▶ **Material for the task**

*** Begin section ***

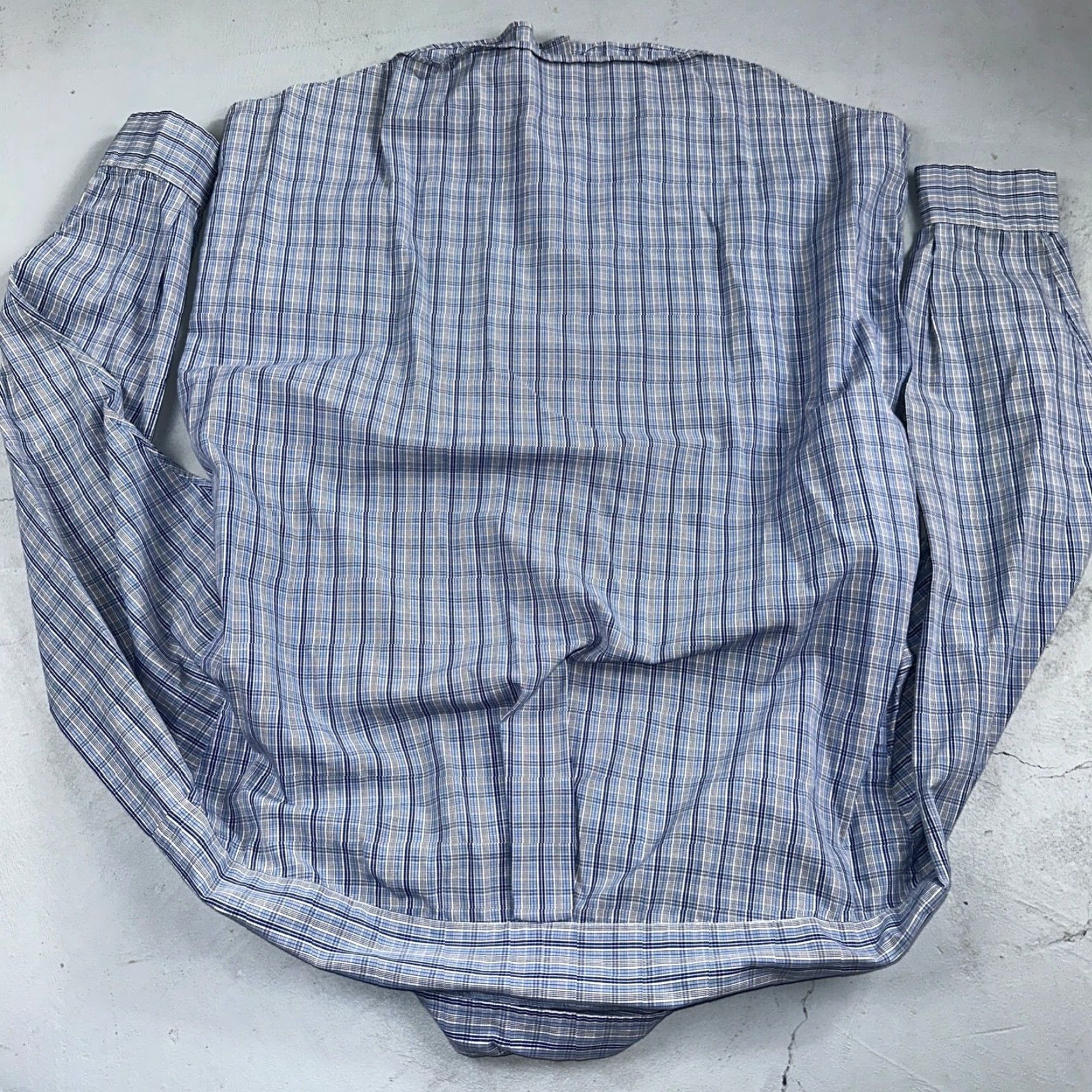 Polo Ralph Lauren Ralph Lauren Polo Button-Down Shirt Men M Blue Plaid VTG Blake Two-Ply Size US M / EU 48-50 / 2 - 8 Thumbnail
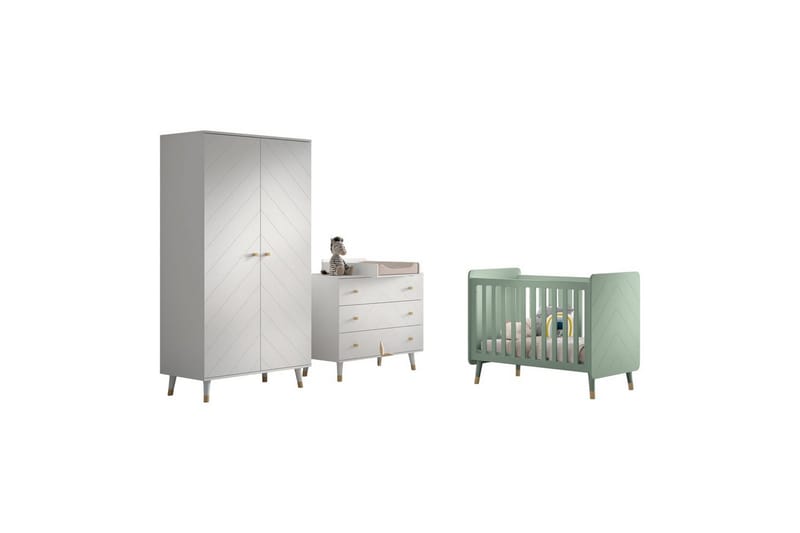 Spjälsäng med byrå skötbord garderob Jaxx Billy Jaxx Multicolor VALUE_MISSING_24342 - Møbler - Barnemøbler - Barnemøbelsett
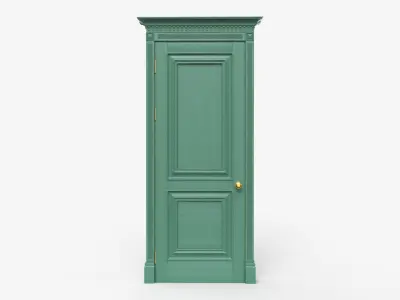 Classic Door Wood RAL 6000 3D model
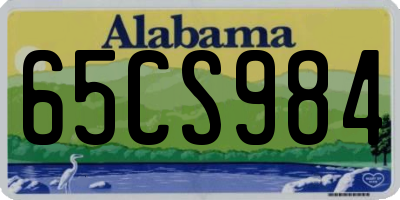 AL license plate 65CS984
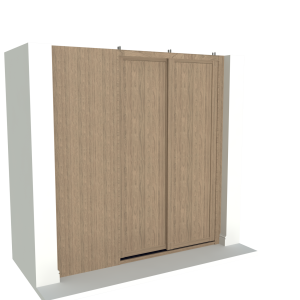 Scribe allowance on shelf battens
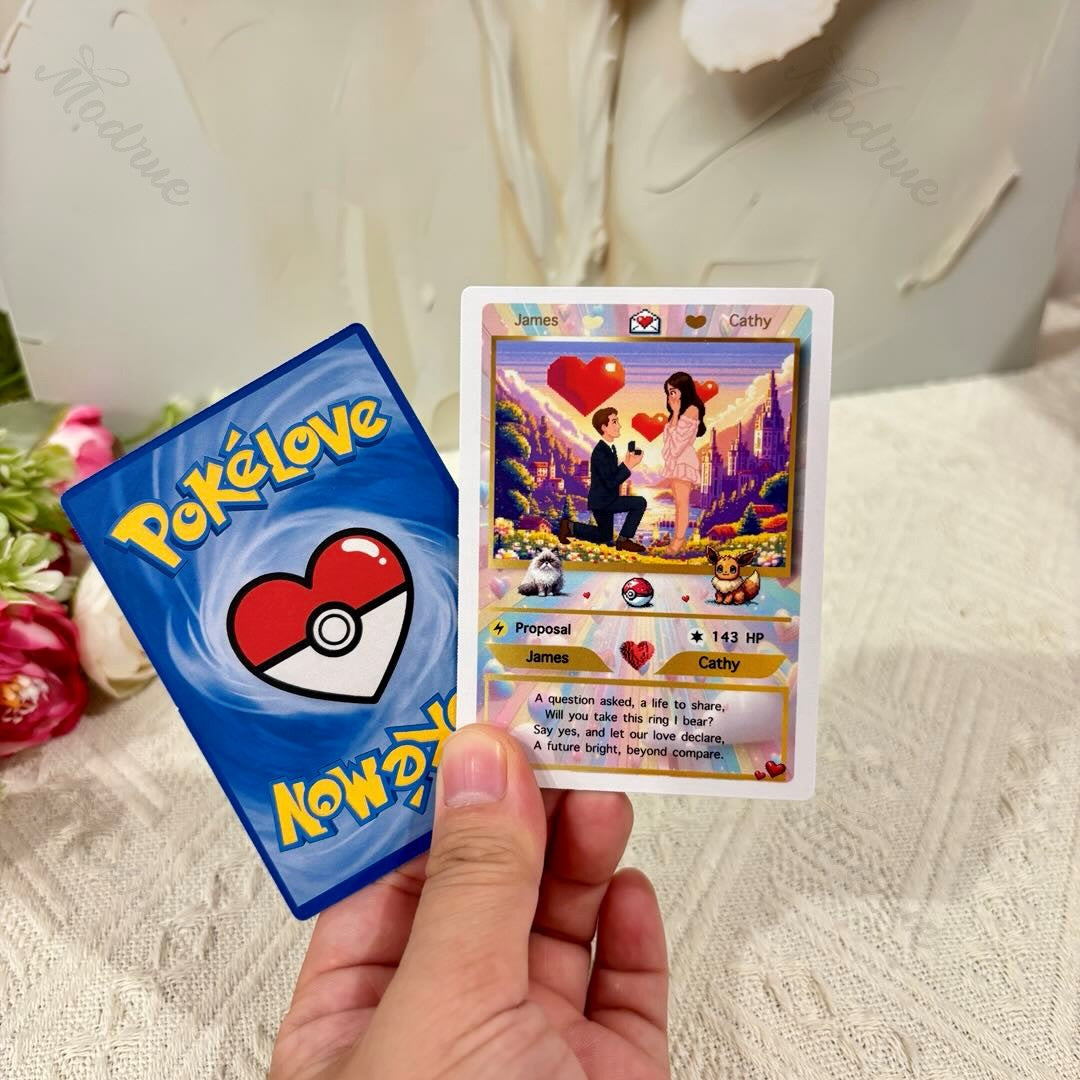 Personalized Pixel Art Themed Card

*** End section ***

▶ **Exercise**
This task calls for restating, word for word, each line from the line holding "Classic Door Wood RAL 6000 3D model" through the end of the material, pictures left out.

▶ **Response to this exercise**
 Classic Door Wood RAL 6000 3D model
 AL license plate 65CS984
 Scribe allowance on shelf battens
 Personalized Pixel Art Themed Card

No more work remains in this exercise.